Short descriptive text snippets

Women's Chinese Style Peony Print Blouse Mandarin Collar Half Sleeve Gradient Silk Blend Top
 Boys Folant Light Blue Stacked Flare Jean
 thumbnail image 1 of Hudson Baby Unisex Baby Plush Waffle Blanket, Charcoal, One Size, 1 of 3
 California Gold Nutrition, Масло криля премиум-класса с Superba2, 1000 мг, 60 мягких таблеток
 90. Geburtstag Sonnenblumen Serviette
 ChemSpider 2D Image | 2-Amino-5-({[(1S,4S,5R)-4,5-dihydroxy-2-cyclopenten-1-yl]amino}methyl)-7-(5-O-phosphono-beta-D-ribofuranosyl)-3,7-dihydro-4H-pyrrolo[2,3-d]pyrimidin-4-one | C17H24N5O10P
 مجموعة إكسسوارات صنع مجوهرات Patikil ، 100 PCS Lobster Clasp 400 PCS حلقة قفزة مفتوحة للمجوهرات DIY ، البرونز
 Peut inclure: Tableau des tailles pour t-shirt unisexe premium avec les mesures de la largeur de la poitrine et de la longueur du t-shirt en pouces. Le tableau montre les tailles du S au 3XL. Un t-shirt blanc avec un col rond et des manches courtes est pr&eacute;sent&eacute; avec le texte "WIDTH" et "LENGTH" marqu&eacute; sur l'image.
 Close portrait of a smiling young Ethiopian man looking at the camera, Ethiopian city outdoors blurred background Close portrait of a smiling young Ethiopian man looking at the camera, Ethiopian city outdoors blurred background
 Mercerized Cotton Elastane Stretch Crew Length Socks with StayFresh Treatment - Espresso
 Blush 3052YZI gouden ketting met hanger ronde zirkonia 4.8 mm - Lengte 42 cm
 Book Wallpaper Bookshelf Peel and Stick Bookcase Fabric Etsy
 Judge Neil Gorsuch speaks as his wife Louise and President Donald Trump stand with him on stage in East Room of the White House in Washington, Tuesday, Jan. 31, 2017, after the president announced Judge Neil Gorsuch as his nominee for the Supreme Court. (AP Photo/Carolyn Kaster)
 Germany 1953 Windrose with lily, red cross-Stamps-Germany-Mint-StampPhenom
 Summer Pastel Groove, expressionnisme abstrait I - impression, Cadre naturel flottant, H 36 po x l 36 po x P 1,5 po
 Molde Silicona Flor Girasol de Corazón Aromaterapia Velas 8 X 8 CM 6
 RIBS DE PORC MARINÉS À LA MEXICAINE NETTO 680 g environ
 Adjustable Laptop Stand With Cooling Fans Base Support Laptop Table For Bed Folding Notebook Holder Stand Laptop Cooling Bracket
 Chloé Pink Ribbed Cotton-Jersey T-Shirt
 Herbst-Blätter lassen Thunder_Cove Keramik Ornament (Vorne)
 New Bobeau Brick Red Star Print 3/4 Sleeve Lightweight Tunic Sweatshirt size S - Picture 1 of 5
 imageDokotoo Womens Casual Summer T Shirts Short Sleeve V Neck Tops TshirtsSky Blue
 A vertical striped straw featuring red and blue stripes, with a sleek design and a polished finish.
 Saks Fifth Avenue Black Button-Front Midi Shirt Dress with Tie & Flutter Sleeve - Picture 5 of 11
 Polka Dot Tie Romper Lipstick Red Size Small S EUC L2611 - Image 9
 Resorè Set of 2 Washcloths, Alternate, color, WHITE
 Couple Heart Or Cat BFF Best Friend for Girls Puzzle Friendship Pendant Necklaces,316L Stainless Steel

■ Work to be completed
Output the data exactly, from the first line through the line that holds "ChemSpider 2D Image", so that no later line appears.

■ Answer below
Women's Chinese Style Peony Print Blouse Mandarin Collar Half Sleeve Gradient Silk Blend Top
 Boys Folant Light Blue Stacked Flare Jean
 thumbnail image 1 of Hudson Baby Unisex Baby Plush Waffle Blanket, Charcoal, One Size, 1 of 3
 California Gold Nutrition, Масло криля премиум-класса с Superba2, 1000 мг, 60 мягких таблеток
 90. Geburtstag Sonnenblumen Serviette
 ChemSpider 2D Image | 2-Amino-5-({[(1S,4S,5R)-4,5-dihydroxy-2-cyclopenten-1-yl]amino}methyl)-7-(5-O-phosphono-beta-D-ribofuranosyl)-3,7-dihydro-4H-pyrrolo[2,3-d]pyrimidin-4-one | C17H24N5O10P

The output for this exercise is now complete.